Kolom Akhir: Susah Mencintai yang Lain oleh Rizka Nur Laily Muallifa




Aku terus-menerus ingat kalimat yang disampaikan salah seorang kakak tingkat di lembaga pers mahasiswa beberapa waktu silam. Kira-kira begini bunyinya: Ifa iku urung siap nek dikon nulis jurnalistik. Begitu dia mengulang hasil rasan-rasannya. Saat itu aku dan keempat kawan pers mahasiswa (dua di antaranya merupakan kakak tingkat) sedang mengikuti workshop perubahan iklim dan pembangunan berkelanjutan bagi jurnalis yang diprakarsai sebuah komunitas peduli perubahan iklim, Indonesia Youth Team for Climate Change (IYTCC). Workshop itu berlangsung selama tiga hari di akhir pekan. Karena kesatuan kami di persma kampus, selama workshop kami tak sadar bahwa lebih sering membentuk komuni internal. Mulai dari duduk bersebelahan setiap kali kelas, berjanjian keluar kamar untuk makan bersama, berada di satu meja saat coffe break, hingga menjelajahi jalanan di seputaran hotel ketika malam sudah cukup larut. Lalu, di salah satu kesempatan ketika coffe break aku tidak tergabung di meja yang sama, mulailah acara rasan-rasan itu, yang salah satunya terlontar kalimat seperti di bagian awal tulisan ini.

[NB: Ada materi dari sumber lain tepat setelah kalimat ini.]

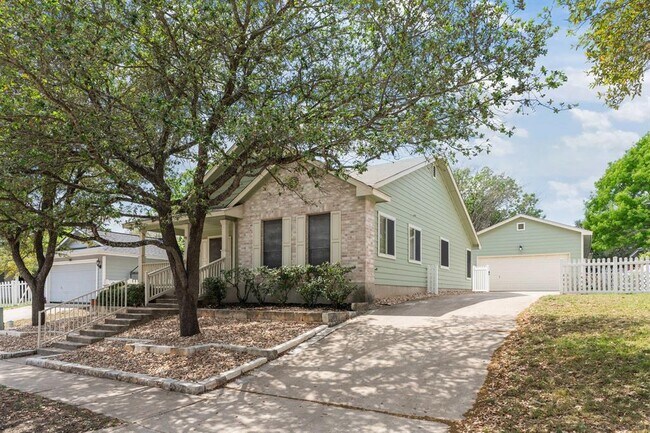 Building Photo - 5911 Steiner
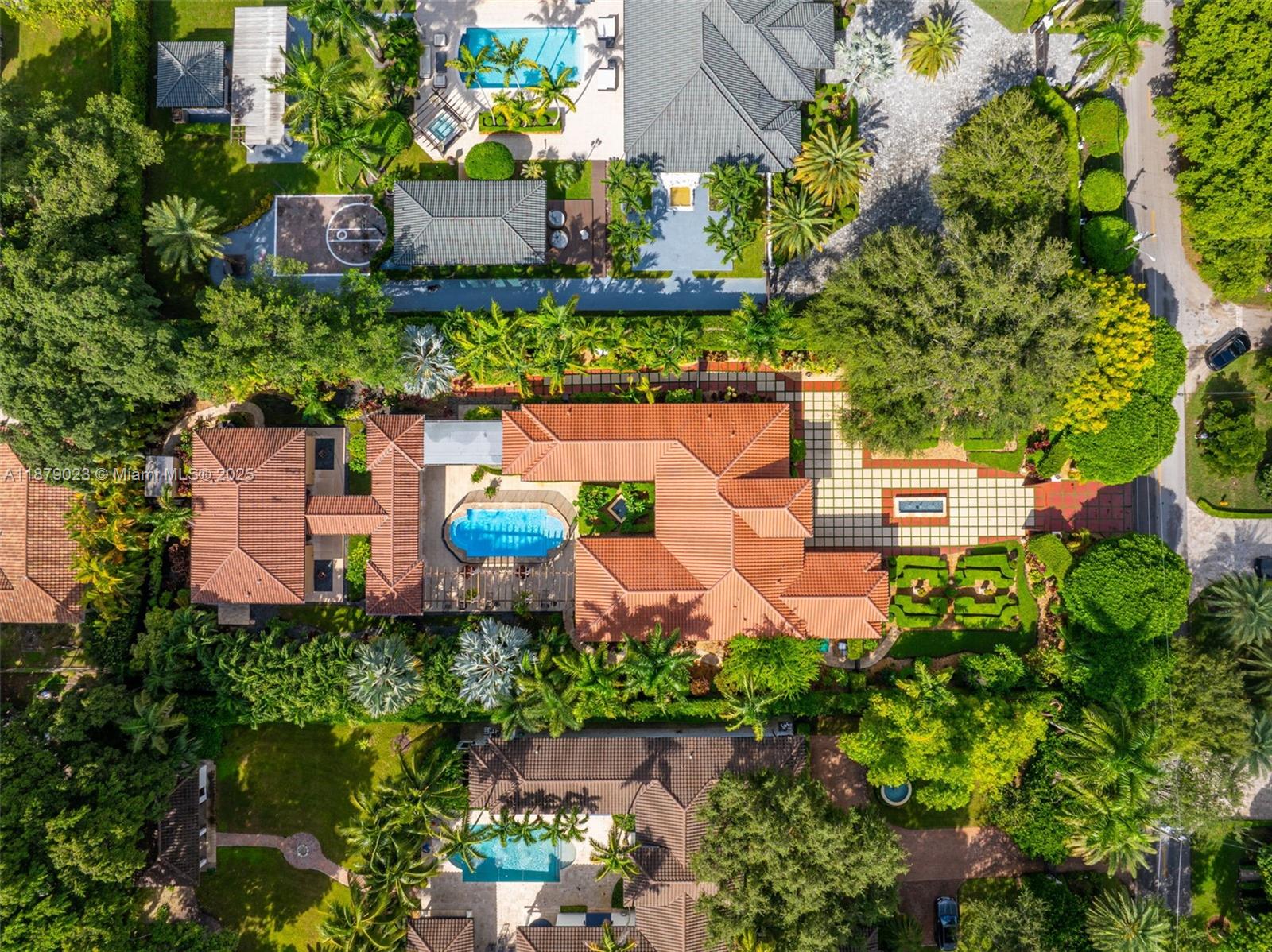 CANEROS OAK - Residential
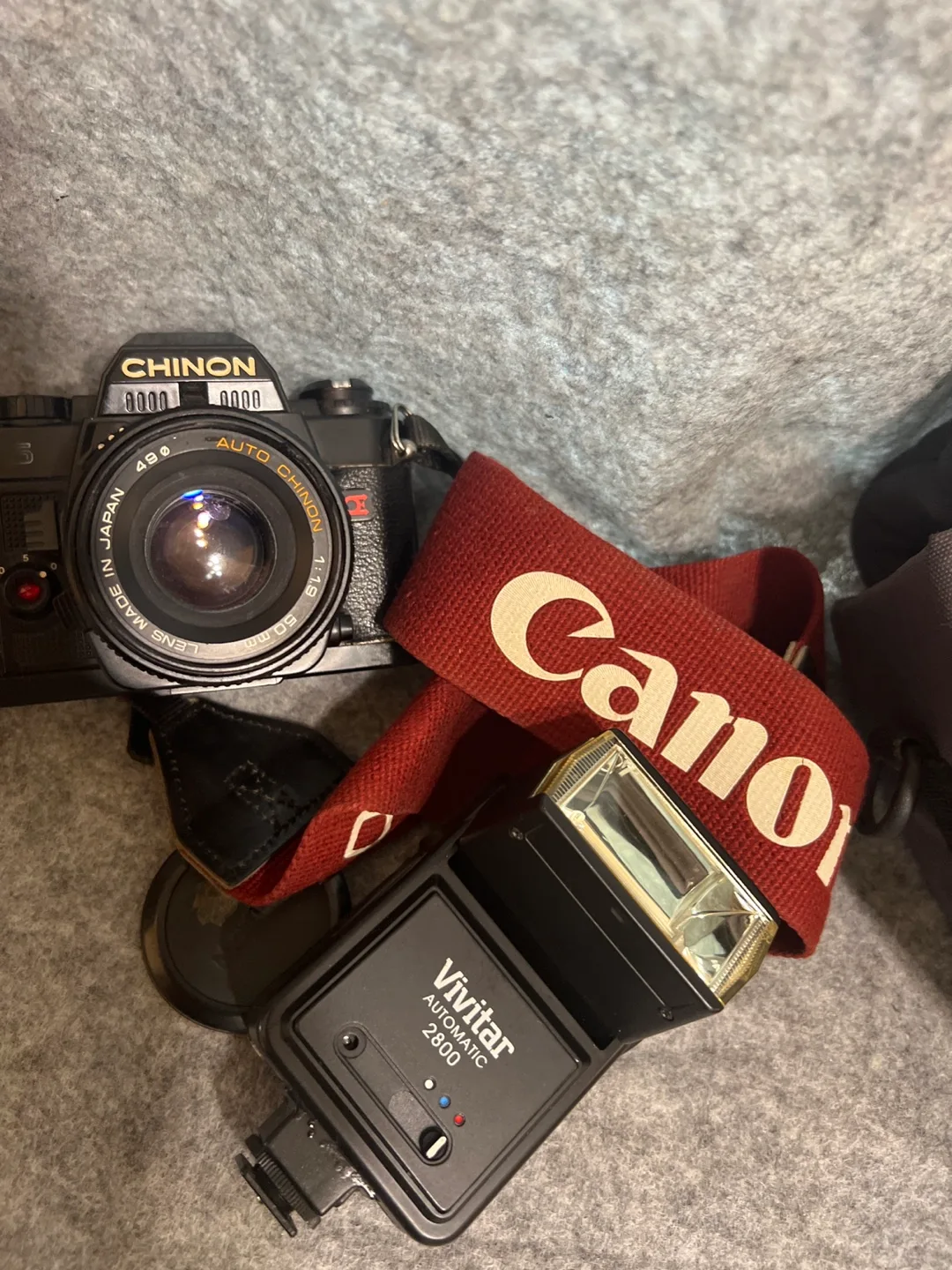 Chinon C E 5.  Auto Camera image indicator(2)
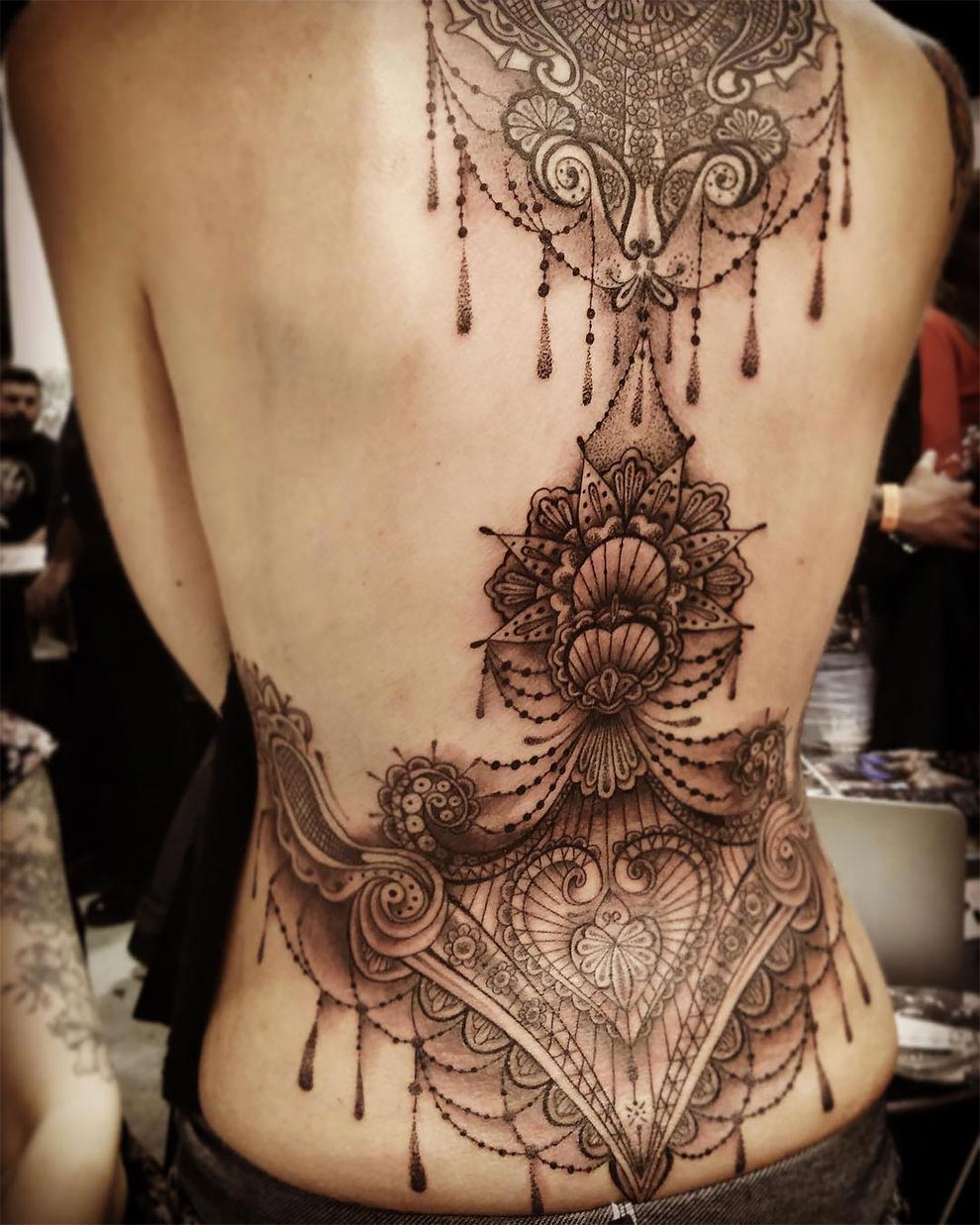 женские татуировки, женская татуировка на руке, тату кружева, Марко Манзо, Marco Manzo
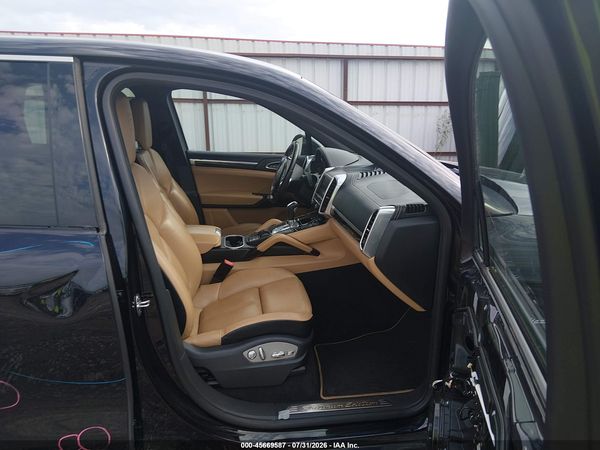 2014 PORSCHE CAYENNE DIESEL PLATINUM EDITION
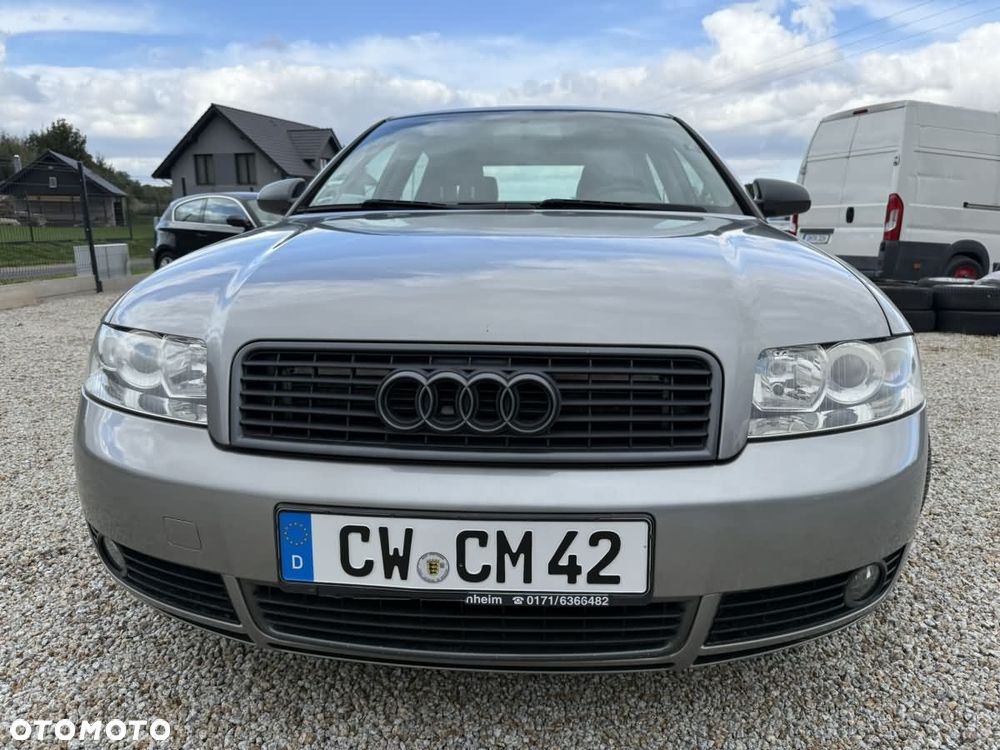 Audi A4 Limousine - 12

Sebelumnya aku sempat mempresentasikan hasil reportaseku di kelas workshop. Aku menulis laporan tentang potret jalanan di sekitar hotel. Usai membacakan tulisanku, aku tertuduh sebagai mahasiswa Sastra Indonesia oleh pemateri. Sebab di sana-sini ditemui corak bahasa yang lebih mirip sastra daripada laporan hasil reportase pada umumnya. Begitu sang pemateri berujar. Di hari yang sama itu pula aku dinilai belum cukup siap untuk menulis jurnalistik oleh teman-teman persma sesama peserta workshop. Kupikir memang demikian. Tulisanku “Otobiografi Perubahan Iklim” yang kukirim untuk proses penyeleksian lalu juga mirip cerita pendek yang begitu personal. Ketika menulis, aku harus selalu berangkat dari diriku, dari hal-hal terdekatku. Sedangkan, ihwal corak bahasa kupikir secara tak sadar itu menjadi tendesiku. Sekalipun aku membaca tulisan-tulisan jurnalistik juga karya-karya non fiksi lainnya, tapi toh itu semua tidak pernah sanggup mengungguli kecintaanku ketika membaca sastra, meskipun masih terlampu sedikit yang kubaca. Mungkin itu begitu berpengaruh pada model tulisanku.
Tidak berhenti sampai di situ, aku merasa teror demi teror menggerayangi hidupku, kurasa (entah ini hanya perasaanku yang kelewat sensitif atau bagaimana) banyak pihak di sekitar yang seolah menyayangkan keputusanku menulis yang ‘sok’ sastra itu. Celoteh-celoteh orang-orang di sekitar.